By the photographer catching a moment with a snapshot, by choosing the angle and close-up  with a hand-held apparatus, the photographer can become a photo-reporter, a photojournalist. He  who did not adjust the world to his lens, but came into the fluid world with a lens, became a  probe, and was thus able to invade the medium, to witness the moment. 

Let he who catches other people’s words go to the place where people talk to each other, and then  those other people’s speech will remain free. It’s not only about feeling the alienness of another  voice, preserving the alienness of another’s tone, style, and thinking when importing a line – into  a poem, into an essay, into a play – but it’s also about taking journey into the environment, a  pilgrimage to the fact: this is what the portable means of audio recording allows. In those years,  when Verbatim playwriting was born, it was thanks to the dictaphone/voice recorder. 

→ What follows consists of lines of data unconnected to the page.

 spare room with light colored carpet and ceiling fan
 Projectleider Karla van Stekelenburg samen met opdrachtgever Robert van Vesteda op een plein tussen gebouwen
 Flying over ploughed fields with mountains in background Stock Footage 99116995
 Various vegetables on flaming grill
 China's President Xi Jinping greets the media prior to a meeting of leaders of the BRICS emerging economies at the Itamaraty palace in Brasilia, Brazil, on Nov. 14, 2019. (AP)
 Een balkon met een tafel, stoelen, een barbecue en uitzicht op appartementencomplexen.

Indeed through the twentieth century, various individual seekers have picked up voice recorders  for their writing. An Englishman in the ‘70s brought a tape recorder to a town where ironworkers  were protesting the slow, ruthless closure of their plant, gave the recorders to the workers,  recorded the rallies of the fighters, and the meetings of the enemies. And then he brought these  voices together, brought them to life in the arena under the gaze of the audience, in the merging  time of the evening’s performance. People came to listen “to themselves” – and came out puzzled but united. The decision to close the plant was cancelled. A miracle had happened. So it goes in The Fight for The Shelton Bar by Peter Cheeseman, 1974. 

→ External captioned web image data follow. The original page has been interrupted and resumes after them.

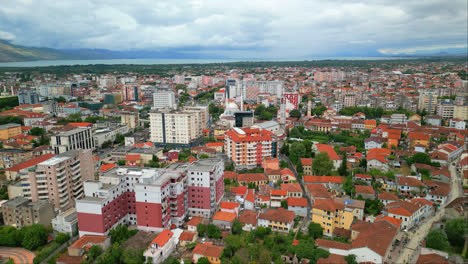 Aerial-drone-shot-flying-over-the-city-buildings-in-Shkodra,-also-known-as-Shkoder-or-Scutari-in-northwestern-Albania-on-a-cloudy-day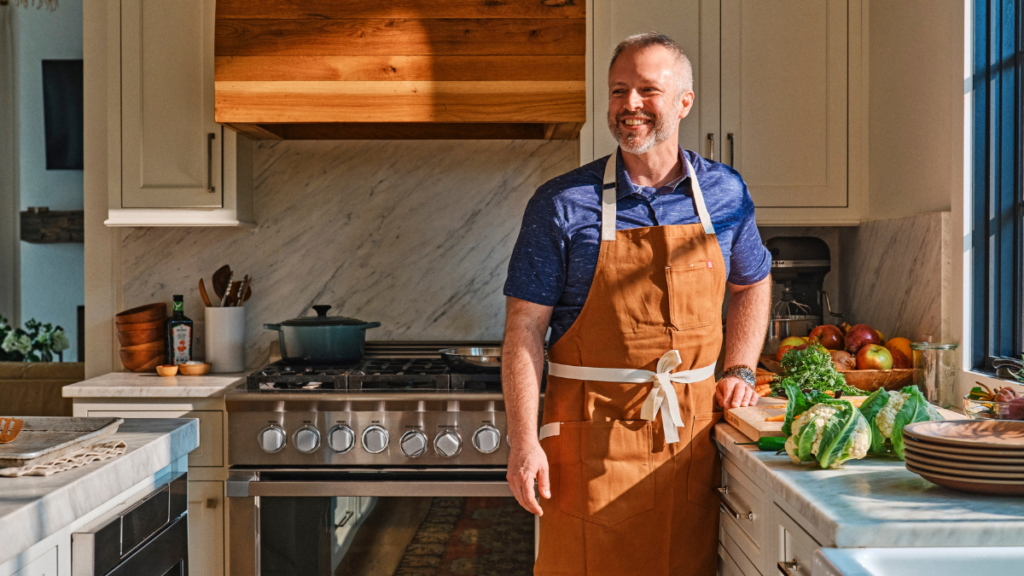 A middle aged man smiles and poses for a photo in a kitchen. He wears a dark orange apron.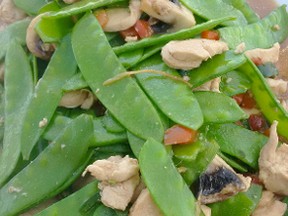 Peas are delicious, whether picked fresh from your backyard garden, or used in cooking such as this stir-fry meal that included snow peas and chicken. John DeGroot/Special to Postmedia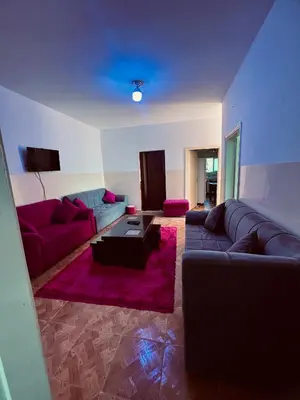 a living room with a couch and a table at Petra Gold Inn Apartments in Wadi Musa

There was another case. Racial unrest and disturbances in America. A woman in the ‘80s  recorded the monologues of victims and supporters and enemies on the street. And took them all  in. Like a person possessed by many voices, she retold their stories in succession, a  schizophrenia of arguing opinions and incompatible truths. She changed hats and caps, plasticity  and facial expressions – but the main means of persuasion proved to be the intonation, the  rhythm, and the melody of the documentary speech. The voice recorder catches not only the  words, but the speaker’s speech image. Enemies came to see the play, watched, listened, and  forgave each other. So goes Fires in The Mirror, by author and performer Anna Deavere-Smith,  1989.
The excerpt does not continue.